(Beginning of Task input)

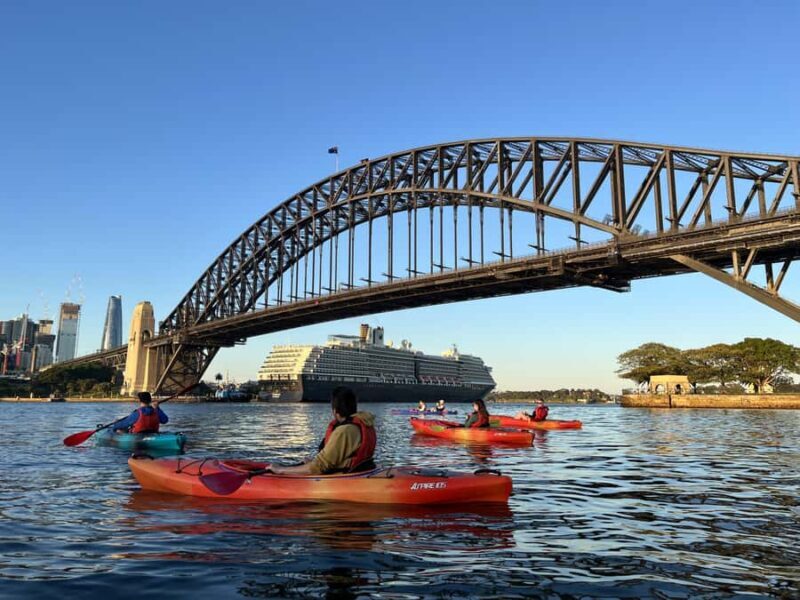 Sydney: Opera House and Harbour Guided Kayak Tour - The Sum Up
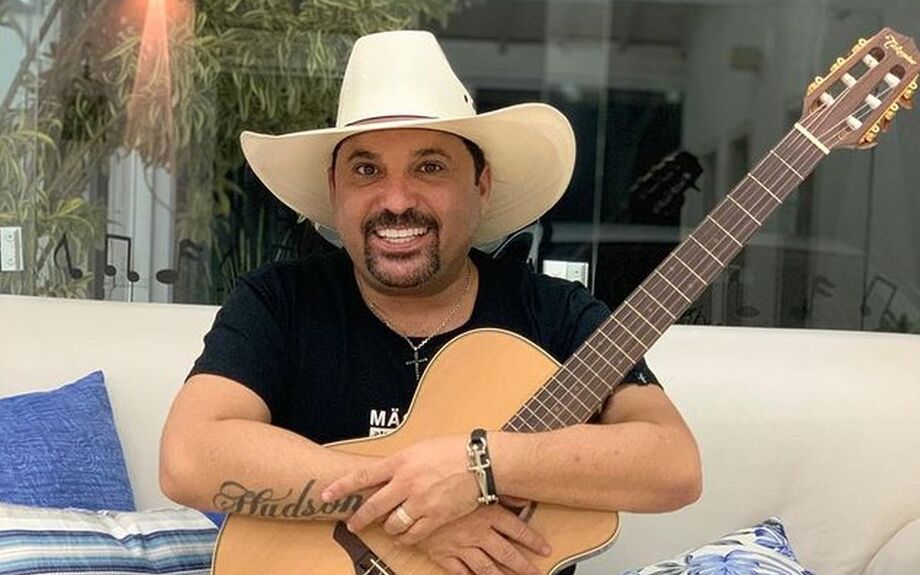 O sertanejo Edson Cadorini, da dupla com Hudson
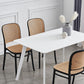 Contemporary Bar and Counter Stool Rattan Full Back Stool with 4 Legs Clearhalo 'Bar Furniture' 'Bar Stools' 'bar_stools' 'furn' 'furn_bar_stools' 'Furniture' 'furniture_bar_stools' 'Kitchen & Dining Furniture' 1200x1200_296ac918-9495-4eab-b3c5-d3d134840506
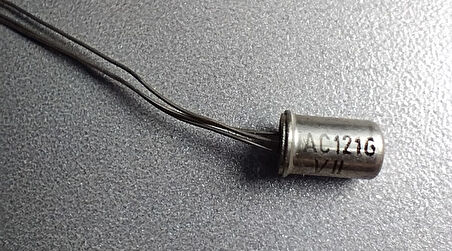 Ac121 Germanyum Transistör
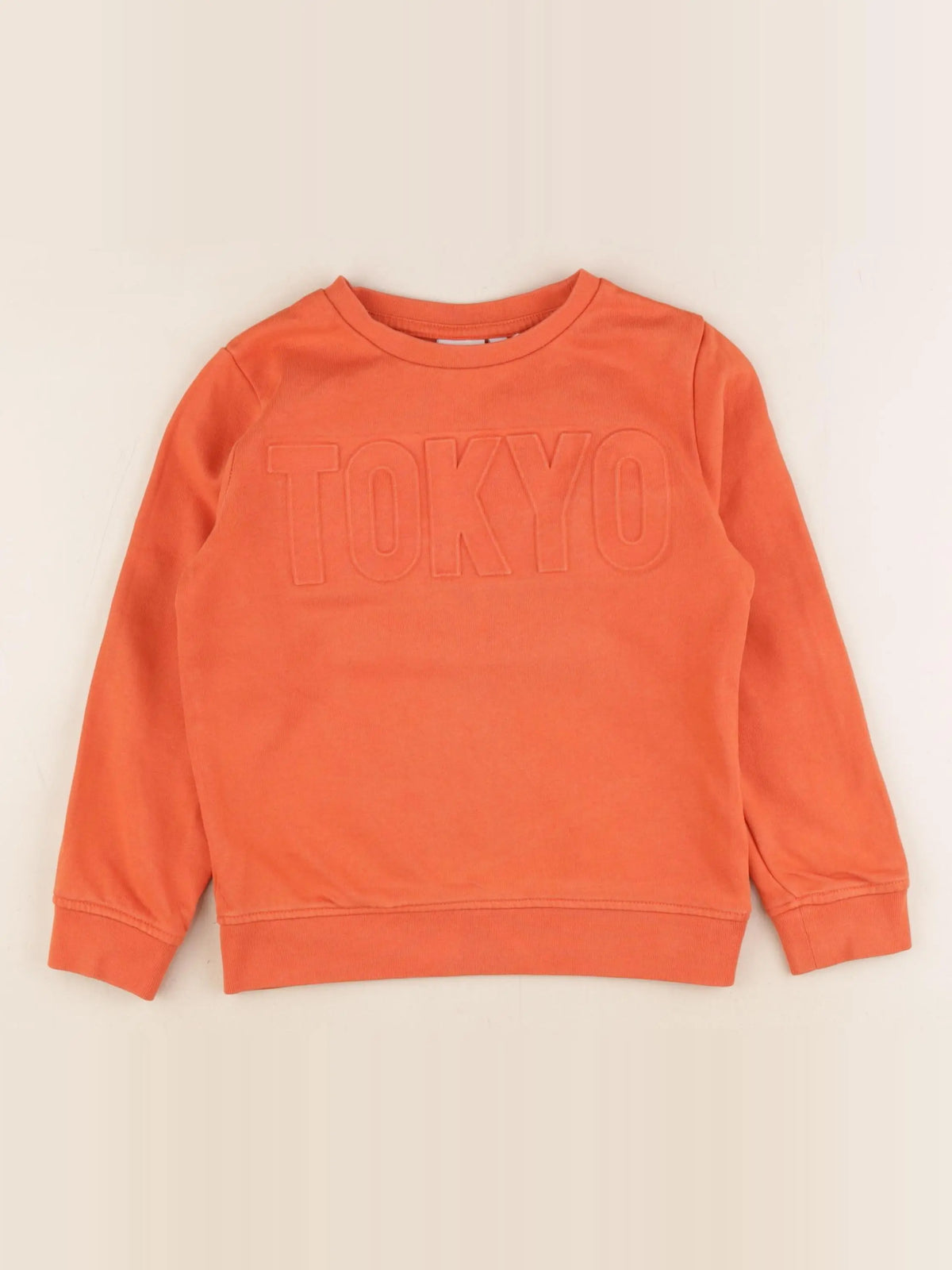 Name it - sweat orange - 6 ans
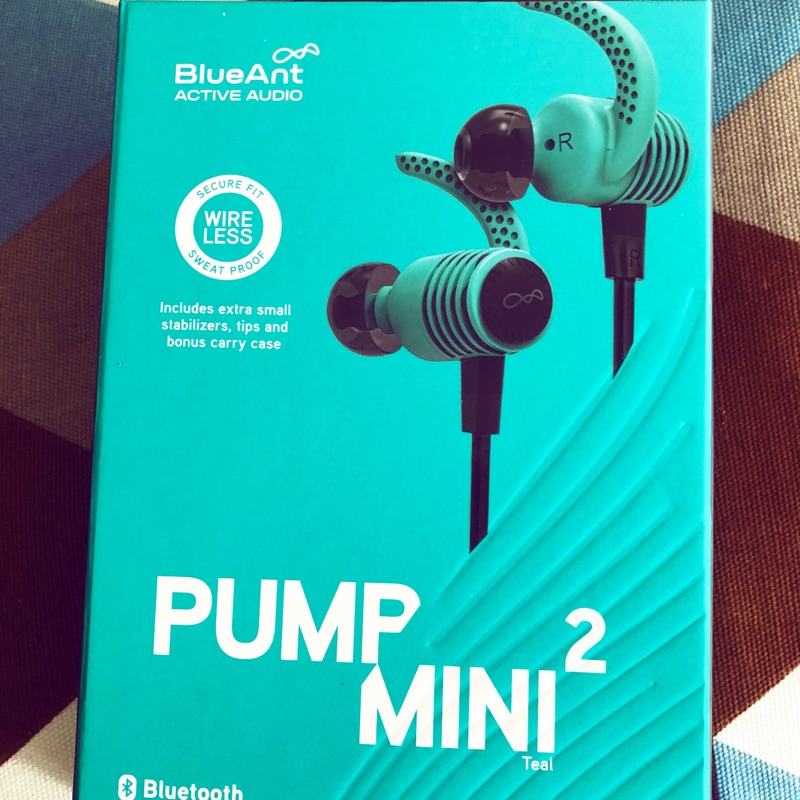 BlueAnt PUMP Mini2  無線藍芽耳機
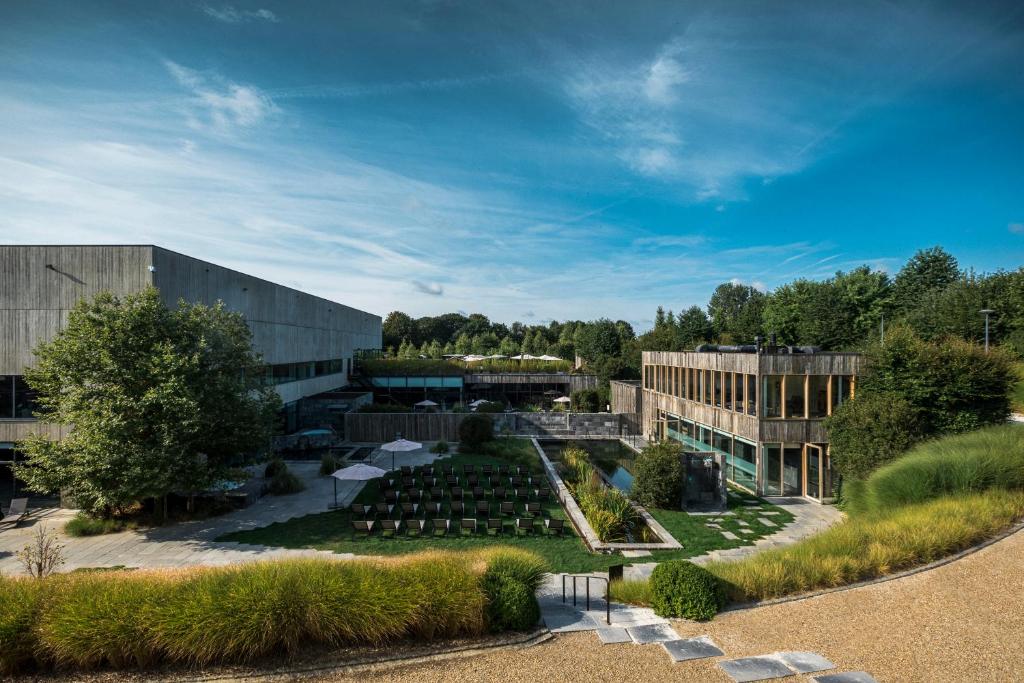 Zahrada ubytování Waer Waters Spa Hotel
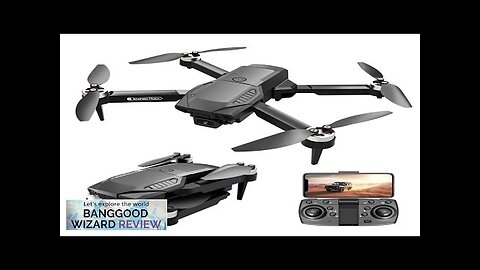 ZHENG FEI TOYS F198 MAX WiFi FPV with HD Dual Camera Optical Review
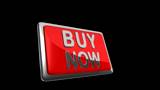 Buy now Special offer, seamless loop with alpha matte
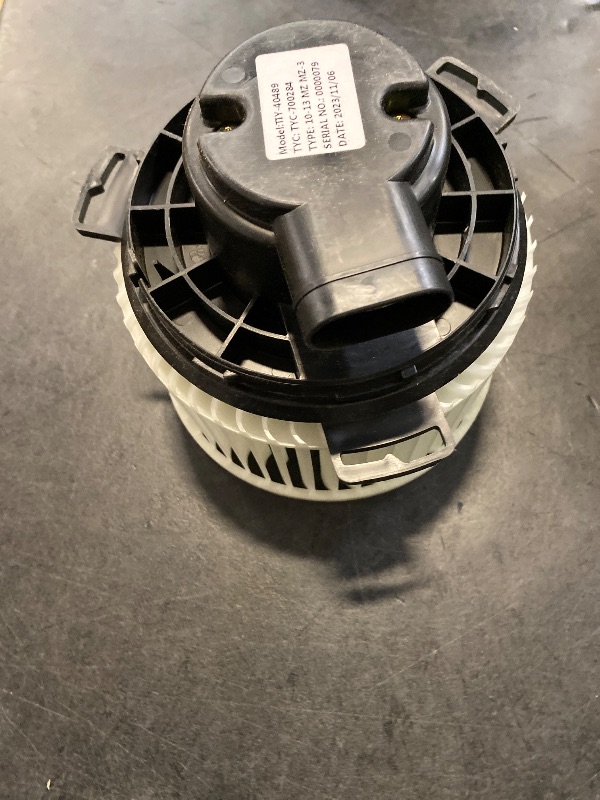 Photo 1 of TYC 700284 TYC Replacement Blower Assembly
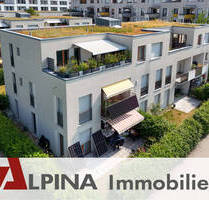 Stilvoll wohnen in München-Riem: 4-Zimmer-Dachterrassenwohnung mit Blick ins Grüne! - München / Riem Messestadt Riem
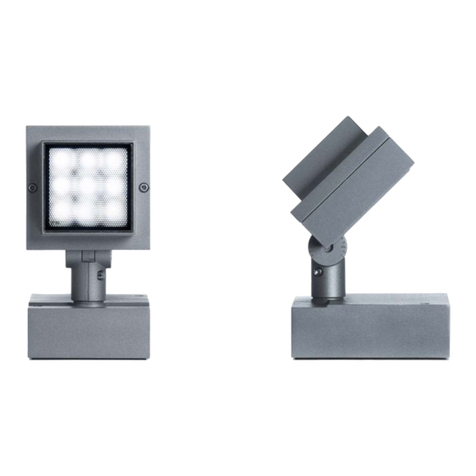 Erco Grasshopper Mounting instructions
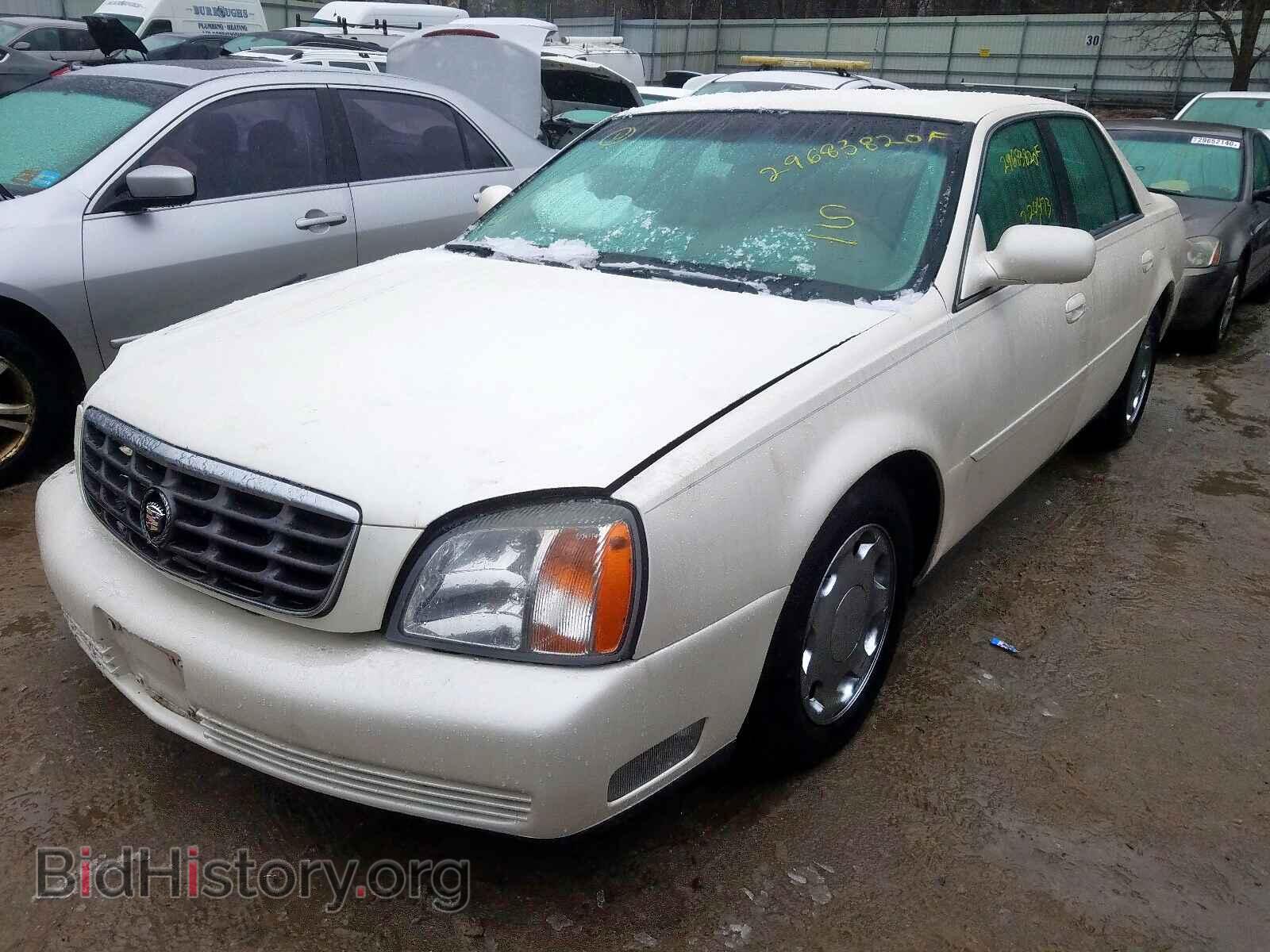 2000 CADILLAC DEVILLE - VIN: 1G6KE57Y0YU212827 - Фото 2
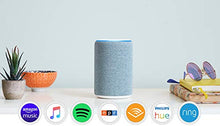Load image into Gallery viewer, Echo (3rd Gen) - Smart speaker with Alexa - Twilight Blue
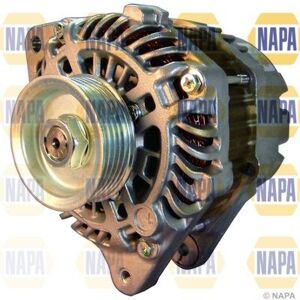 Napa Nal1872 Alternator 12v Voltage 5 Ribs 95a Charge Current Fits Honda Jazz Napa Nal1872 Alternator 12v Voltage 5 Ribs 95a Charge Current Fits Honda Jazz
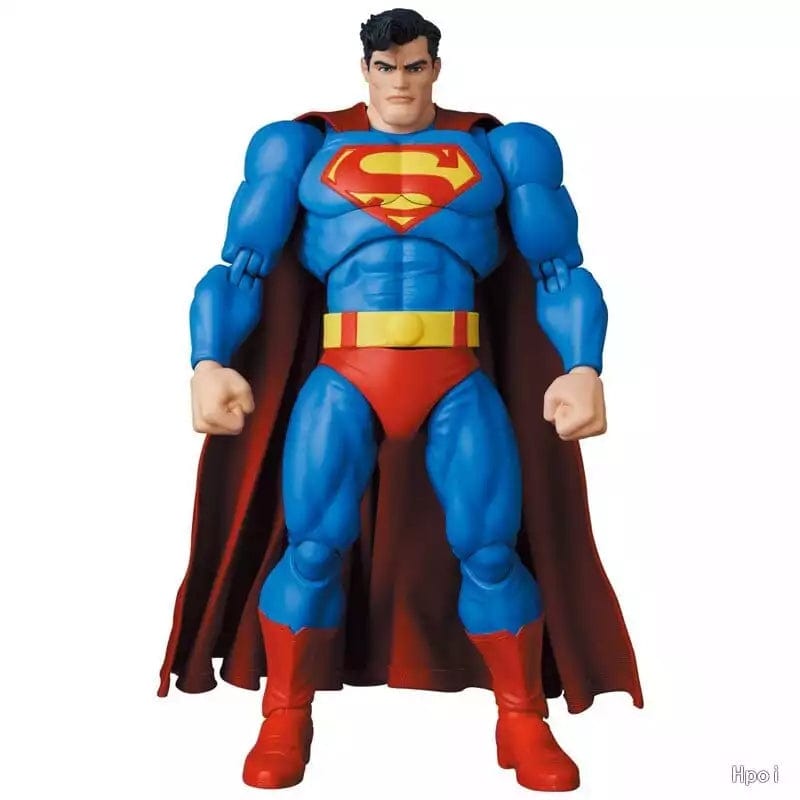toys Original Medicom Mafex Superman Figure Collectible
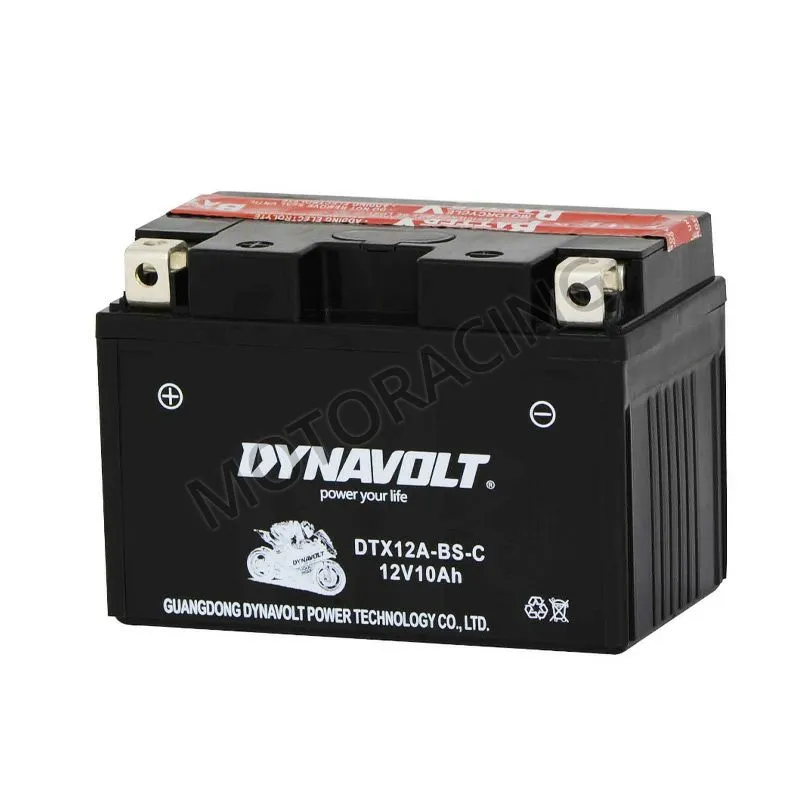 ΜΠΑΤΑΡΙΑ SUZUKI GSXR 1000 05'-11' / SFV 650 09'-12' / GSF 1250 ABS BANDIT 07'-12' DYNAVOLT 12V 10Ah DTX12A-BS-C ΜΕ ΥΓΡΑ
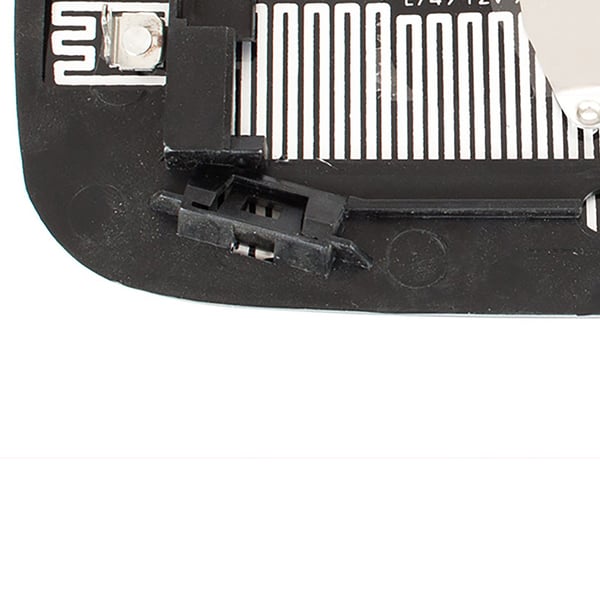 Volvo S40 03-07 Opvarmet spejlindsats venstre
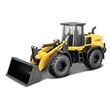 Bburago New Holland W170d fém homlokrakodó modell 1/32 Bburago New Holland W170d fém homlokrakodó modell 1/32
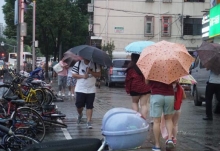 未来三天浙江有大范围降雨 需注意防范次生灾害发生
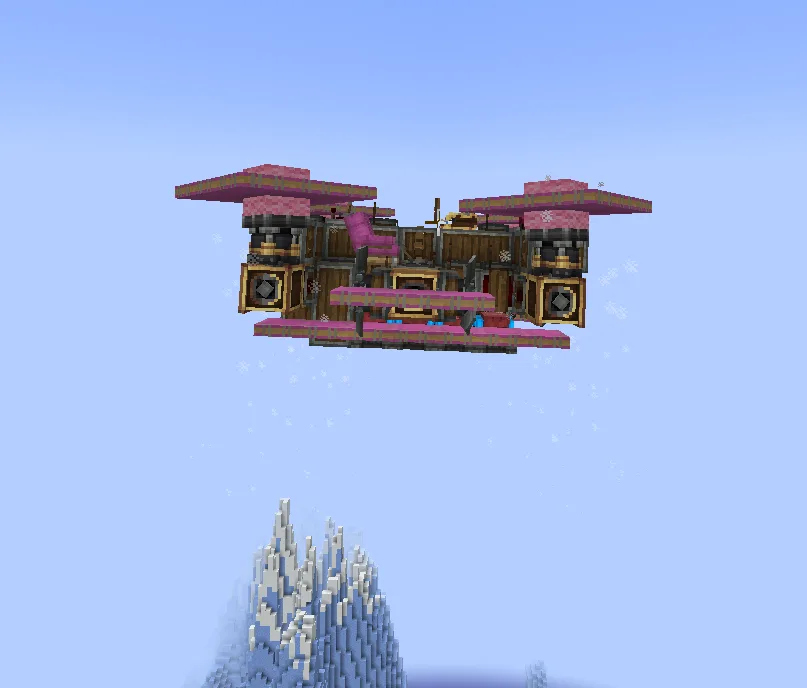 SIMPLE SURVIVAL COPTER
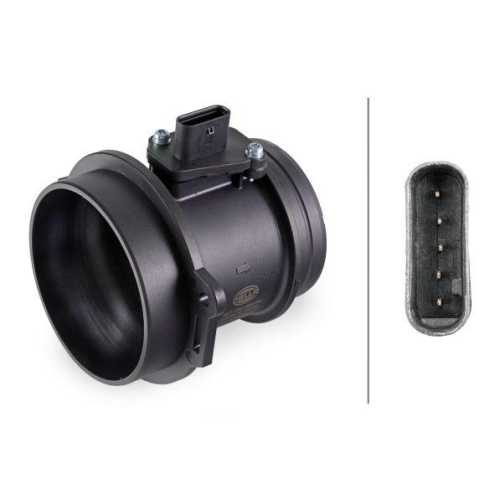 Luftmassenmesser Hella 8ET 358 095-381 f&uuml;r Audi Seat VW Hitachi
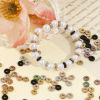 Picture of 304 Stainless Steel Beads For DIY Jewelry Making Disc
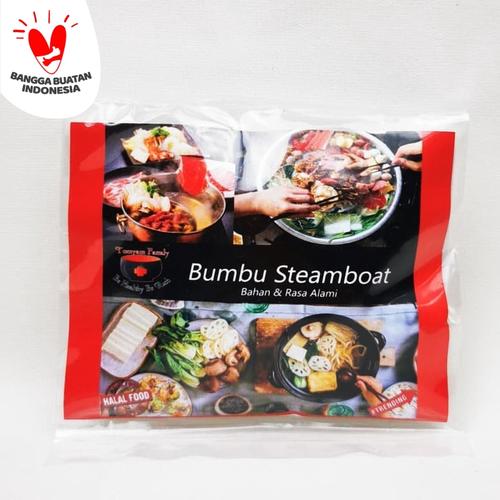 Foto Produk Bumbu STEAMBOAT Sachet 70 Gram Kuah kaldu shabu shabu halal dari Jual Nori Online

(End of Task input)

» **Your task**:
In the records above, find the line with "Zahrada ubytování Waer Waters Spa Hotel" and copy from it through the last line exactly, without the pictures.

» **Task solution**:
 Zahrada ubytování Waer Waters Spa Hotel
 ZHENG FEI TOYS F198 MAX WiFi FPV with HD Dual Camera Optical Review
 Buy now Special offer, seamless loop with alpha matte
 Photo 1 of TYC 700284 TYC Replacement Blower Assembly
 Stilvoll wohnen in München-Riem: 4-Zimmer-Dachterrassenwohnung mit Blick ins Grüne! - München / Riem Messestadt Riem
 Erco Grasshopper Mounting instructions
 2000 CADILLAC DEVILLE - VIN: 1G6KE57Y0YU212827 - Фото 2
Load image into Gallery viewer, Echo (3rd Gen) - Smart speaker with Alexa - Twilight Blue
 Napa Nal1872 Alternator 12v Voltage 5 Ribs 95a Charge Current Fits Honda Jazz Napa Nal1872 Alternator 12v Voltage 5 Ribs 95a Charge Current Fits Honda Jazz
toys Original Medicom Mafex Superman Figure Collectible
 ΜΠΑΤΑΡΙΑ SUZUKI GSXR 1000 05'-11' / SFV 650 09'-12' / GSF 1250 ABS BANDIT 07'-12' DYNAVOLT 12V 10Ah DTX12A-BS-C ΜΕ ΥΓΡΑ
 Volvo S40 03-07 Opvarmet spejlindsats venstre
 Bburago New Holland W170d fém homlokrakodó modell 1/32 Bburago New Holland W170d fém homlokrakodó modell 1/32
 未来三天浙江有大范围降雨 需注意防范次生灾害发生
 SIMPLE SURVIVAL COPTER
 Luftmassenmesser Hella 8ET 358 095-381 f&uuml;r Audi Seat VW Hitachi
 Picture of 304 Stainless Steel Beads For DIY Jewelry Making Disc
 Foto Produk Bumbu STEAMBOAT Sachet 70 Gram Kuah kaldu shabu shabu halal dari Jual Nori Online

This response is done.